La noche del lunes 14 de noviembre fue la de la superluna y la pude ver, después de haber estado nublado casi todo el día, en la Ciudad Deportiva del Villarreal, cuando se despejó el cielo. Después de acabado el entrenamiento de Carlitos, al apagar las luces de las torres de alumbrado, parecía un gran cañón teatral que alguien proyectase sobre nosotros. Muy blanco: una luna de millones de leds; porque la luna también ha adquirido conciencia energética y ha cambiado su antigua iluminación incandescente por una nueva de bajo consumo, pero de mayor rendimiento lumínico.
Le habían dado a esa superluna mucho bombo y platillo astronómicos, y, como suele ocurrir siempre que nos crean grandes expectativas, me terminó pareciendo que no era para tanto, al menos a simple vista. Lunas llenas espléndidas hemos visto unas cuantas ya, con redondeces anaranjadas, con redondeces de nácar puro, con redondeces salpicadas de grises.
La superluna de antes de ayer estaba muy bien, pero no sé si se hacía merecedora del súper, para todos aquellos que no somos especialistas en la observación lunar. Esperaba una luna gigantesca, amenazadora, una luna que nos metiera el miedo en el cuerpo, al mostrarnos nuestra pequeñez junto con la grandeza del universo, una luna que nos delatara, que nos pillara in fraganti en mitad de nuestras vidas, que nos acojonase. Y no fue, ni mucho menos, para tanto.
Algunos amigos aficionados a la observación con telescopios me mandaron por teléfono fotografías de la superficie lunar, con sus cráteres hostiles y gélidos. Estaban entusiasmados por la proximidad y por las posibilidades de ver todo con un detalle mayor. Todo es cuestión, sobre todo en este caso, del cristal con que se mire: del tamaño del cristal del telescopio con que se mire. Con la lente humana, con el cristal del cristalino, no fue una luna para dar saltos de contento. A lo sumo, para esbozar una sonrisa de complicidad satisfecha, al ver que la niña, nuestra querida luna, nuestra luminaria fiel, ha dado un estirón.

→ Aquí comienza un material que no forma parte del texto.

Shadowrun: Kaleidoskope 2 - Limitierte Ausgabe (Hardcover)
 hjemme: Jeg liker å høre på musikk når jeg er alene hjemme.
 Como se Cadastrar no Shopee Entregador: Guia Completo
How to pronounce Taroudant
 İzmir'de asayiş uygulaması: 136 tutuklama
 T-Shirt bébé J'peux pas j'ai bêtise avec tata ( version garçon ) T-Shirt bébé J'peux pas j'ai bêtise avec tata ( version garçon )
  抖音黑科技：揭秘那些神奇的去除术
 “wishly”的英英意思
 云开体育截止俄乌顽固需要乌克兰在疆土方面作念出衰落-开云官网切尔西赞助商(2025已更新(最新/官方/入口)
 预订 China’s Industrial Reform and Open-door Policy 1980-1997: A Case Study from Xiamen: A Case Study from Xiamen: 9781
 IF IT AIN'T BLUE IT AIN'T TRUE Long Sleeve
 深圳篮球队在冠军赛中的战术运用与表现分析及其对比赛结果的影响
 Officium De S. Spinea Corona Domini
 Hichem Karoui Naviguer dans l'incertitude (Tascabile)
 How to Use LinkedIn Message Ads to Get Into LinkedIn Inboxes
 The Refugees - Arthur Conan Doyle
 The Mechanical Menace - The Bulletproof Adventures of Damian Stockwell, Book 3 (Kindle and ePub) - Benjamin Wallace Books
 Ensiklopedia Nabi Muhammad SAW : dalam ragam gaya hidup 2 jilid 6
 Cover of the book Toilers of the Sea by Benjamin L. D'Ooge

A la luz de la luna, me acordé en Miralcamp de la legendaria escena que contó Chaves Nogales en esa obra maestra de la narrativa española del siglo XX: Juan Belmonte, matador de toros. (Siempre me ha parecido una novela, la biografía de un pícaro que se convierte en héroe nacional gracias al toreo, un relato a la altura de cualquier otro de los relatos considerados como fundamentales en la historia de la literatura contemporánea española.)
Como casi todo el mundo sabe, Belmonte, de niño, cruzaba desnudo el Guadalquivir con un candil y la muleta en la mano, para ir a torear en el cortijo de Tablada. Junto a sus amigos, se adentraban en la dehesa, apartaban un toro y lo toreaban con esa escasa luz. Un día, al atravesar el río, el candil se les apagó, y tuvieron que torear a la luz de la luna.
Se me ocurrió que habría sido bonito que el entrenamiento del lunes lo acabaran tocando el balón a la luz de la luna, como Belmonte. La leyenda indica que el estilo belmontiano, que cambió para siempre la forma de torear, con su quietud, con su cercanía al animal, con su invasión de los terrenos del toro, se debió a la necesidad de torear cerca del candil que iluminaba la escena. De la necesidad se hizo virtud; y no solo virtud: se hizo un estilo, una manera de estar en el arte, que es una manera de estar en la vida.
Jugar al fútbol a la luz de la luna habría provocado que los jugadores redujeran espacios y tocasen en corto, para no perder el balón de vista, que se movieran y desplazasen en espacios muy reducidos. En realidad es así como entrenan, con el sistema holandés que Cruyff y los de la Naranja Mecánica practicaron, pusieron de moda e importaron después a España y al mundo.
Hoy en día, casi todos los equipos del planeta basan la mayor parte de su entrenamiento en el juego en campos muy reducidos, con pocos toques: control y pase; pase al primer toque; control, orientación y pase. Y sanseacabó.
¿Habría en la invención del sistema alguna razón externa que impusiese esa forma de entrenar? ¿Una falta de iluminación en los campos de juego? ¿La saturación de equipos entrenando a la misma hora y teniendo que compartir los campos? A menudo, las circunstancias físicas, las deficiencias a las que uno tiene que sobreponerse, terminan por configurar una filosofía, una forma de ser y de estar en el mundo.